Sie sind Lehrer, Sie haben mit Schülern ein Projekt erarbeitet, bei dem es um die Geschichte der Juden im Kreis Calw, Baden-Württemberg während der Zeit des Nationssozialismus ging. Grund genug für uns neugierig zu sein.

Wir danken Ihnen, dass Sie bereit waren, uns an dieser so wertvollen Arbeit teilhaben zu lassen und sich Zeit für uns nehmen.  
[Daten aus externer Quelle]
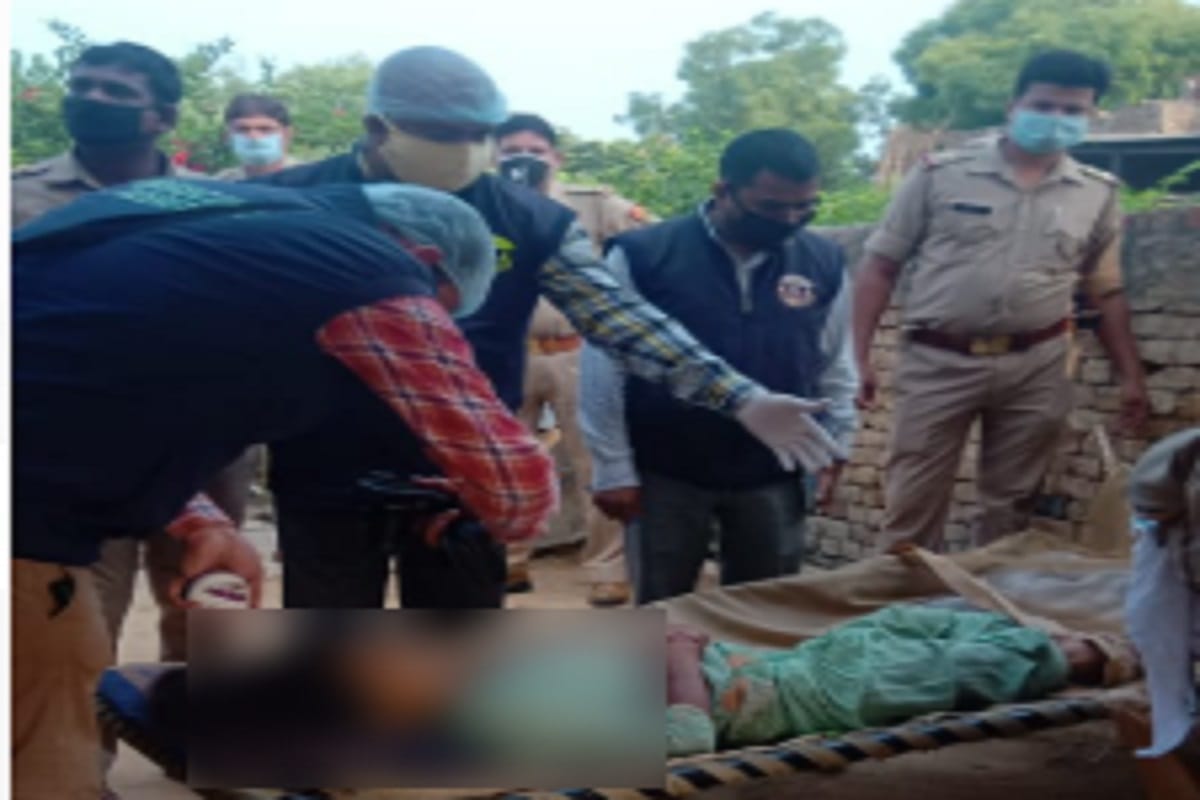 Meerut News: Widow woman shot dead in Hastinapur area in Meerut city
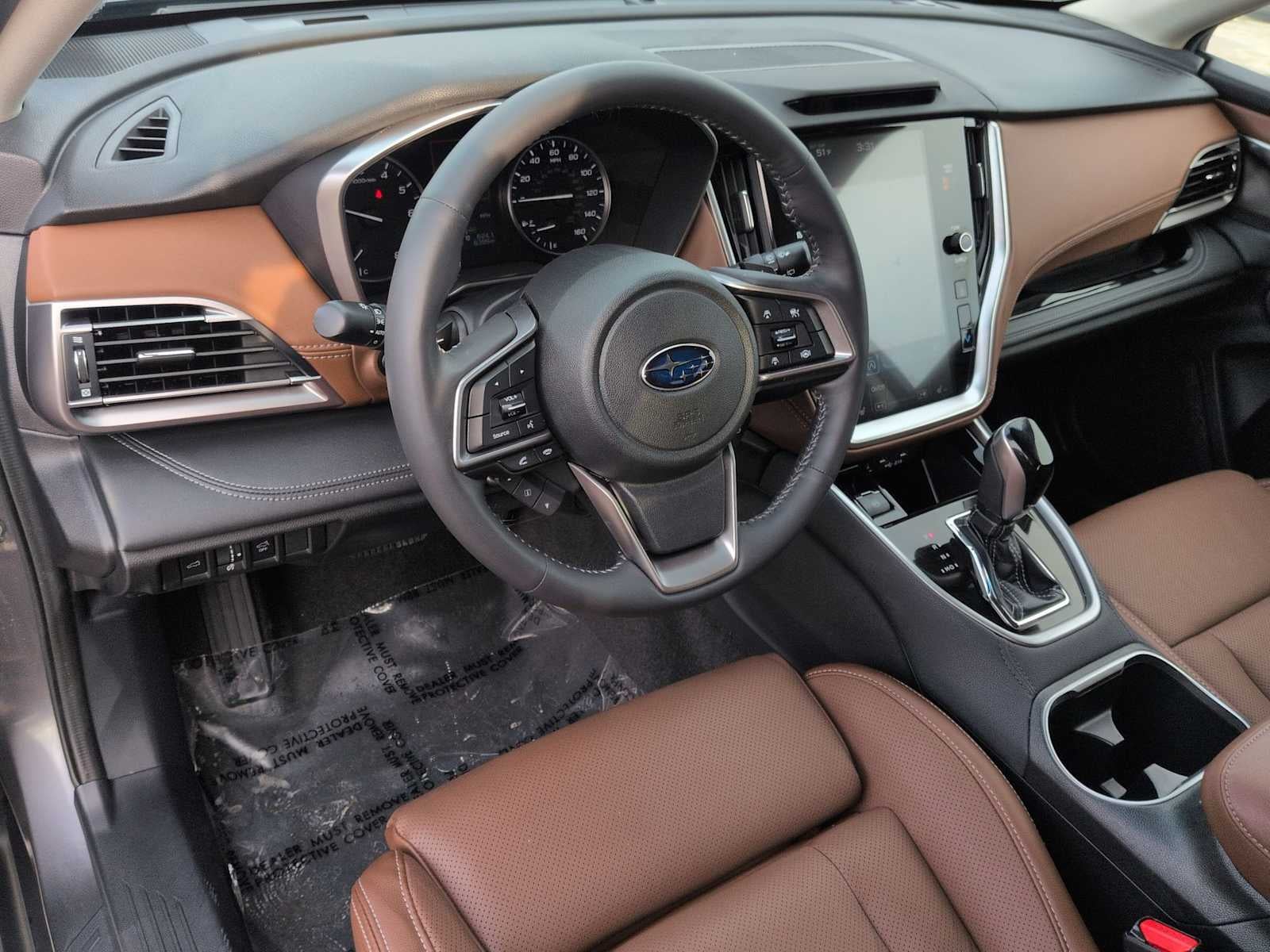 Subaru Outback Touring XT 2021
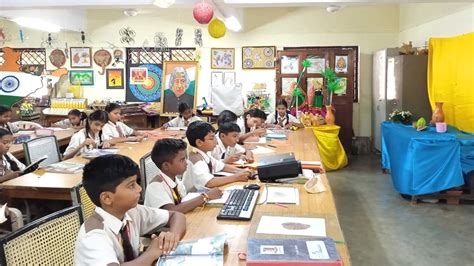 Facilities - Aditya Birla Groups Of School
Herr Stängle, Sie sind Lehrer,  Geschichtslehrer an einer Nagolder Realschule. Würden Sie uns ein bisschen etwas über sich erzählen?
Ich wohne mit meiner Frau und drei Kindern im Oberen Nagoldtal und unterrichte seit 2003 an der Christiane-Herzog-Realschule in Nagold. Ich unterrichte Fächer Englisch, Geschichte und ev. Religion, die ich studiert habe aber auch das Fach Erd-, Wirtschafts- und Gemeinschaftskunde. Seit vierzehn Jahren führe ich mit Klassen, aber auch Schülergruppen oder einzelnen Schülern historische Projekte durch, die die regionale Geschichte erforschen.
 

Sie haben im Geschichtsunterricht mit mehreren Schülern ein Projekt erarbeitet, in dem es um die Judenverfolgung im Landkreis Calw im „Dritten Reich“ ging. Sie wurden damit beim Geschichtswettbewerb des Bundespräsidenten 2014 / 2015 „Landessieger Baden-Württemberg“. Wie entstand diese Projektidee?
Im Jahr 2009 habe ich mit ehemaligen Schülern Pfarrhäuser im Nagoldtal und Oberen Gäu (der Region zwischen Calw, Herrenberg und Nagold) untersucht, die in den letzten Kriegsmonaten Juden versteckten. Dabei haben wir die Handlungsmotive, ihre Glaubensvorstellungen und ihre soziale Stellung untersucht. Dann war da auch die Frage: Wer waren die Juden in der Region, über die man andeutungsweise schon etwas gehört hat.
Dann habe ich vor vier Jahren eine AG-Stunde bei meiner Schulleitung beantragt, und meiner Klasse die Projektidee vorgestellt, die verfolgten Minderheiten im Nationalsozialismus  in unserer Region zu erforschen.
 

Das Projekt ging über einen Zeitraum von zwei Jahren.  Wie bringt man es fertig, Schüler über einen  solch langen Zeitraum für ein Thema zu motivieren? Vor allem für ein solches Thema?
Die Projekte entwickeln eine gewisse Eigendynamik. Auf der einen Seite gibt es Schüler, die keinen Zugang zu dieser Arbeitsweise finden und andere wiederum, die „voll abgehen“. Interessanterweise spielen dabei die üblichen Noten, die ein Schüler hat, kaum eine Rolle. Nachdem wir die Arbeiten bei den Wettbewerben eingereicht hatten war erst einmal ein halbes Jahr Ruhe. Das brauchte die Klasse auch, weil man nicht ein Projekt im Dauermodus machen kann. Der Bildungsplan 2004 schrieb vor, dass jede Klasse ein so genanntes TOP in dem Bereich „Wirtschaften, Verwalten, Recht“ machen muss. Wir machten daraus eine Ausstellung im Nagolder Rathaus, die auf eine große Zustimmung stieß. Und dann fragten uns die Leute: „Ja und wo kann man jetzt das Buch kaufen?“ Das Buch – das gab es noch nicht, da setzte ich mich vor allem hin und recherchierte weiter und bearbeitete die Arbeit der Jungs, dass wir es als Buch verlegen konnten.
 

Frage an die Schüler, Jeremias Viehweg und Fabian Gote: Der Holocaust, die Judenvernichtung ist ein beklemmendes Thema, warum haben Sie sich für dieses Projekt entschieden, es gab ja auch noch weitere zur Auswahl?
Jeremias Viehweg: Es war ein spannendes Thema und wir empfanden einen indirekten Bezug zur Thematik, da man darüber immer mal wieder was gehört hatte. Doch ganz so genau kannte man sich eben nicht aus. Das sollte sich ändern.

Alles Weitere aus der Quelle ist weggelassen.